### Work to be completed
Reproduce, please, the line that holds "Hofer KAPP-, ZUG- UND" and all later lines through the end of the entries below, exactly; omit pictures.

[Records for processing]

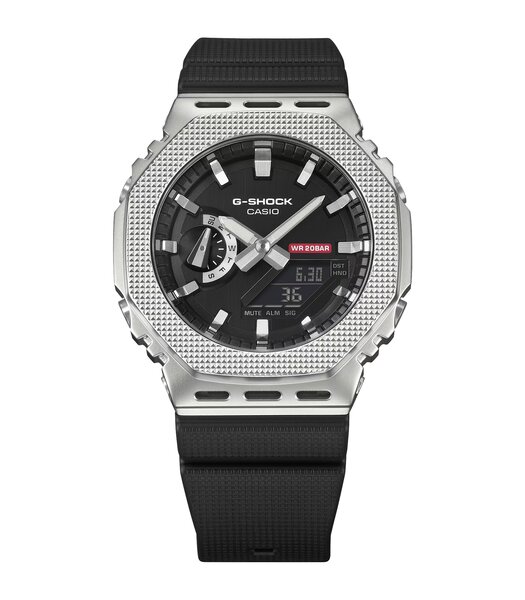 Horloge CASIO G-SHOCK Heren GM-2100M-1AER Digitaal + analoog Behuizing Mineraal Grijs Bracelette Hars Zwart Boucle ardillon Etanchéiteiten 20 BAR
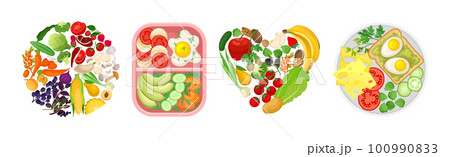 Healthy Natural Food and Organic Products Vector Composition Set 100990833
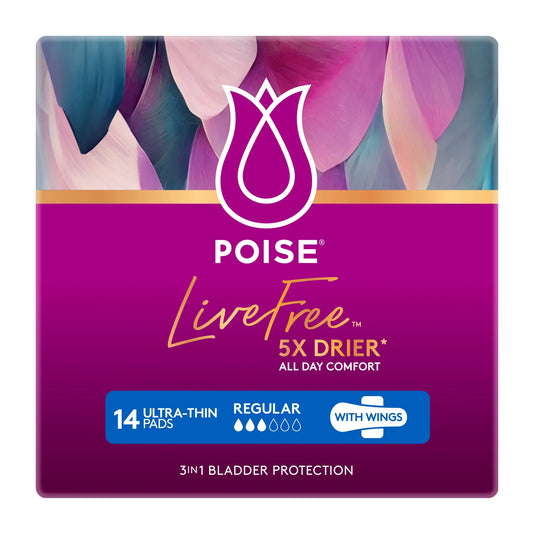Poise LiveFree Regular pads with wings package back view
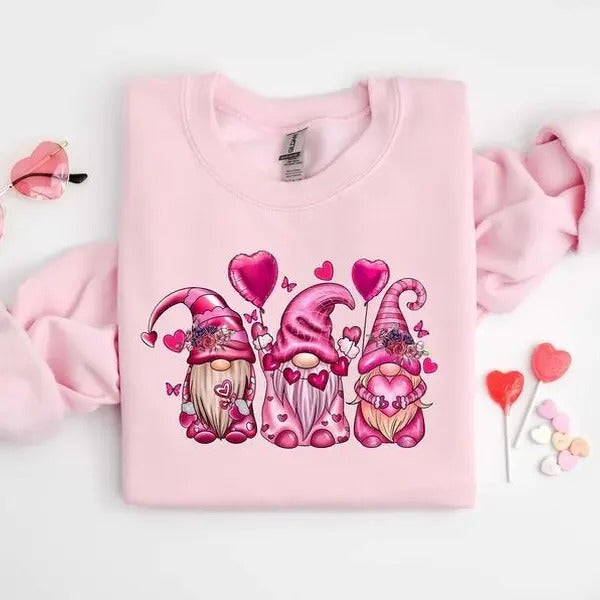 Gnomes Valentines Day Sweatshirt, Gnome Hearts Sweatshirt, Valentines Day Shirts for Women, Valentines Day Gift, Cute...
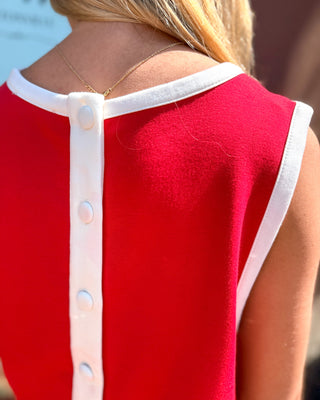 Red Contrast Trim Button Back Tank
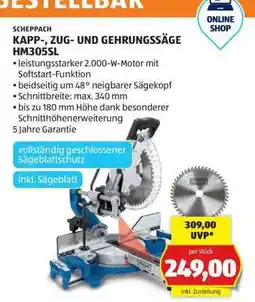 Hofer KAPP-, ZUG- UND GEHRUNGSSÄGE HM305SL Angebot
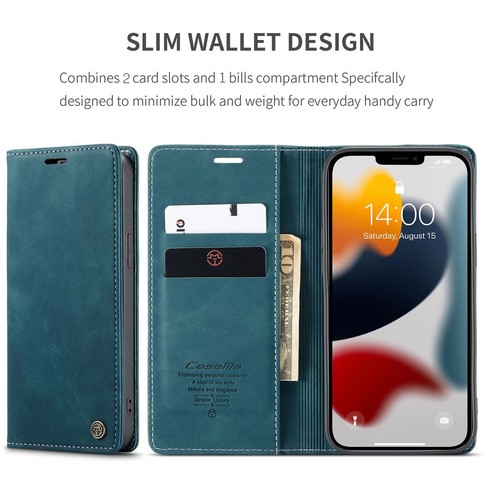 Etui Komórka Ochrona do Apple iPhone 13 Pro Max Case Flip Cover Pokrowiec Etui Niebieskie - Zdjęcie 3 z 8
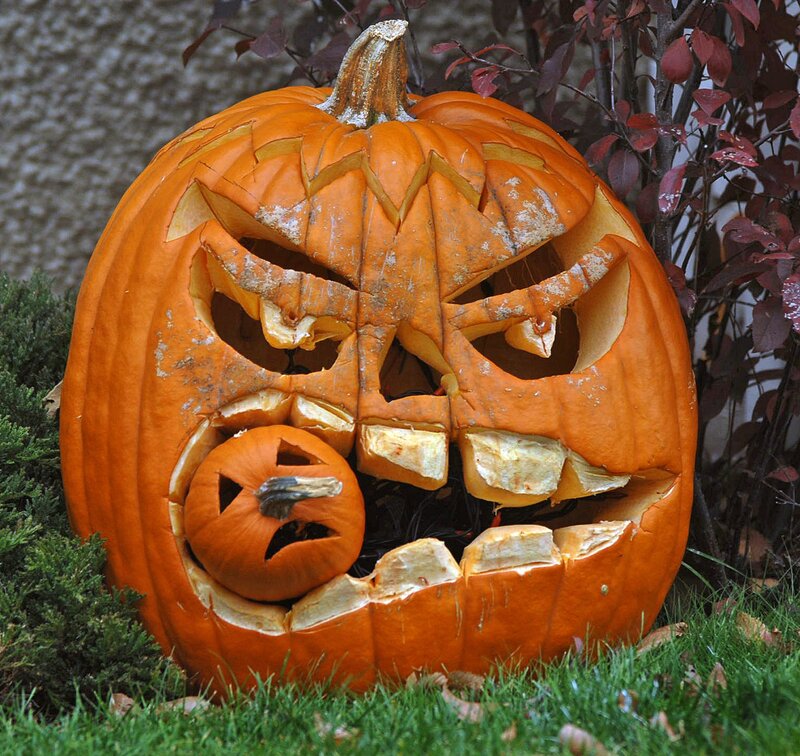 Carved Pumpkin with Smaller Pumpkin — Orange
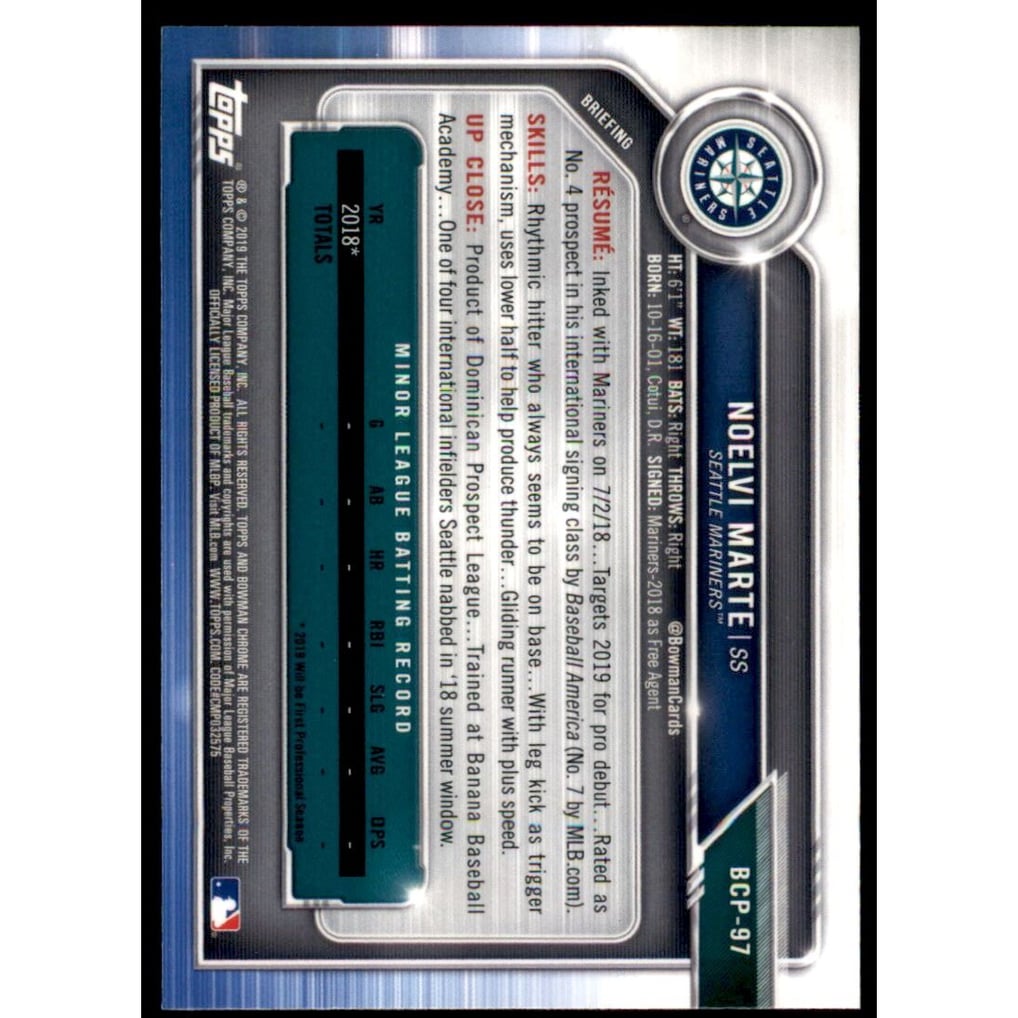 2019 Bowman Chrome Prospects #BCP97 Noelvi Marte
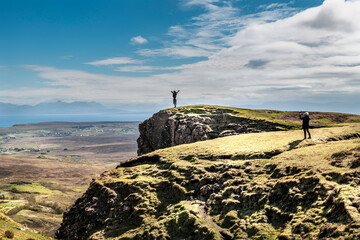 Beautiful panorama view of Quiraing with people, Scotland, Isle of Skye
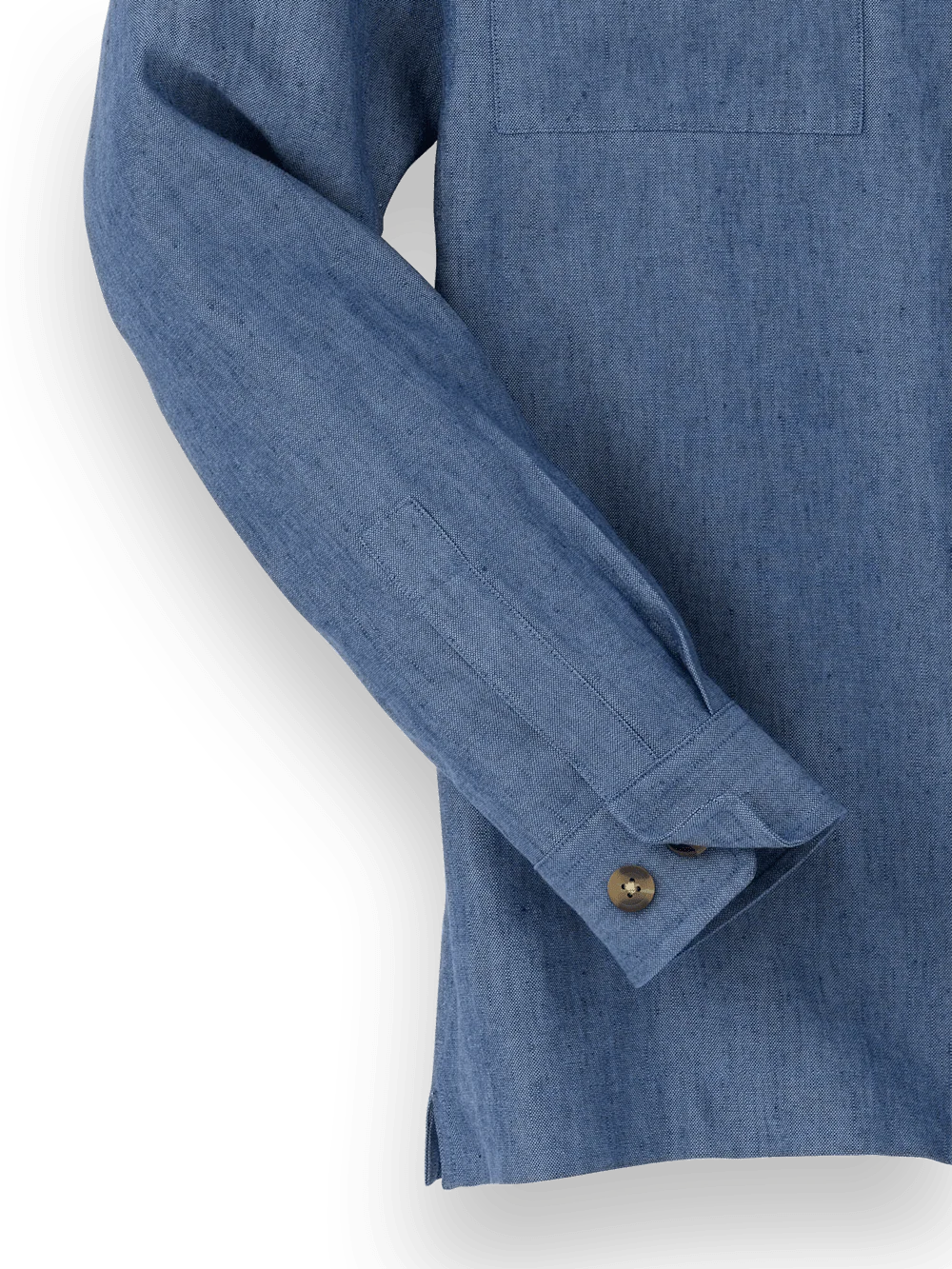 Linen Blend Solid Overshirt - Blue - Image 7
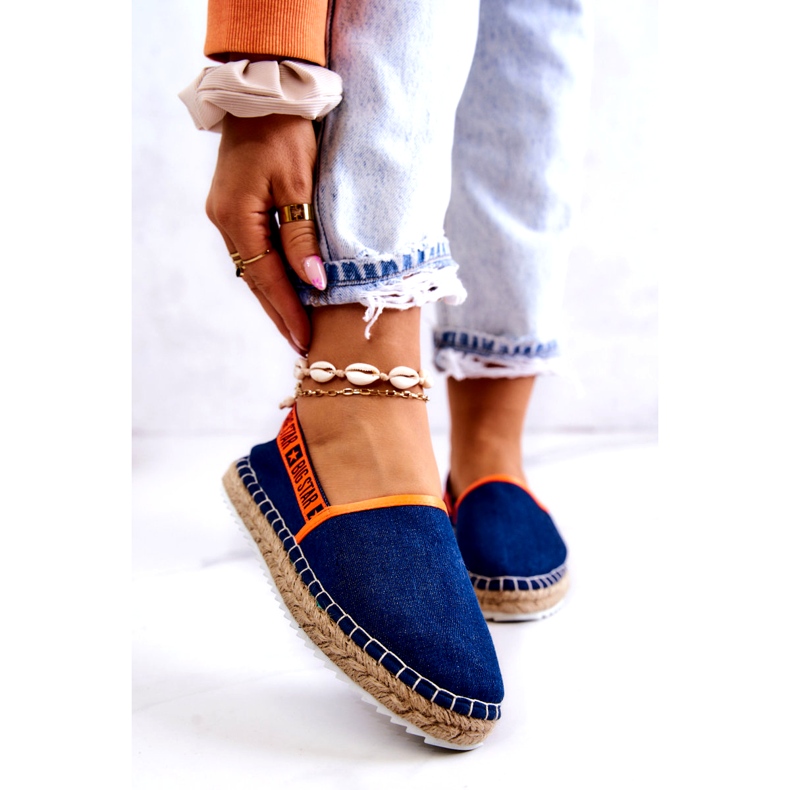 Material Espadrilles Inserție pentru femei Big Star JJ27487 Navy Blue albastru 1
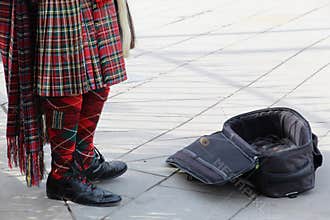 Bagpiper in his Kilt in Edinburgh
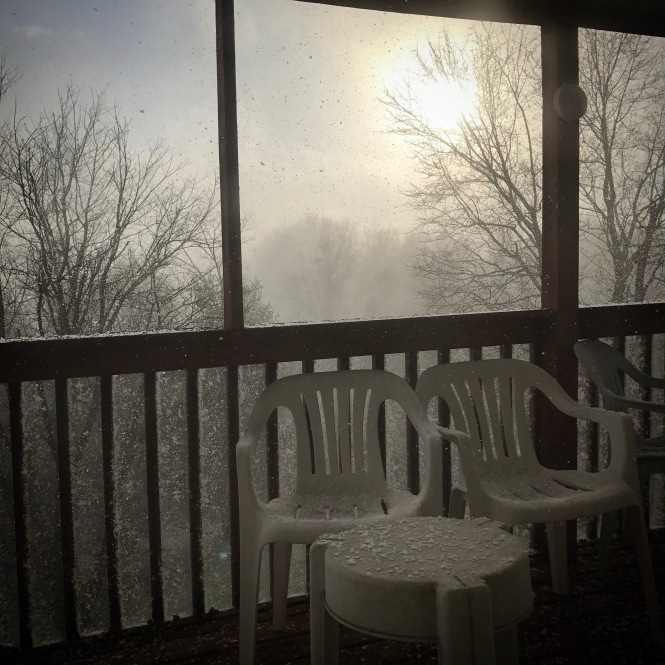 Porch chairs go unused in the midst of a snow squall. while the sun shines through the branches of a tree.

[/Records for processing]

### Response
 Hofer KAPP-, ZUG- UND GEHRUNGSSÄGE HM305SL Angebot
 Etui Komórka Ochrona do Apple iPhone 13 Pro Max Case Flip Cover Pokrowiec Etui Niebieskie - Zdjęcie 3 z 8
 Carved Pumpkin with Smaller Pumpkin — Orange
 2019 Bowman Chrome Prospects #BCP97 Noelvi Marte
 Beautiful panorama view of Quiraing with people, Scotland, Isle of Skye
 Linen Blend Solid Overshirt - Blue - Image 7
 Material Espadrilles Inserție pentru femei Big Star JJ27487 Navy Blue albastru 1
 Bagpiper in his Kilt in Edinburgh
 Porch chairs go unused in the midst of a snow squall. while the sun shines through the branches of a tree.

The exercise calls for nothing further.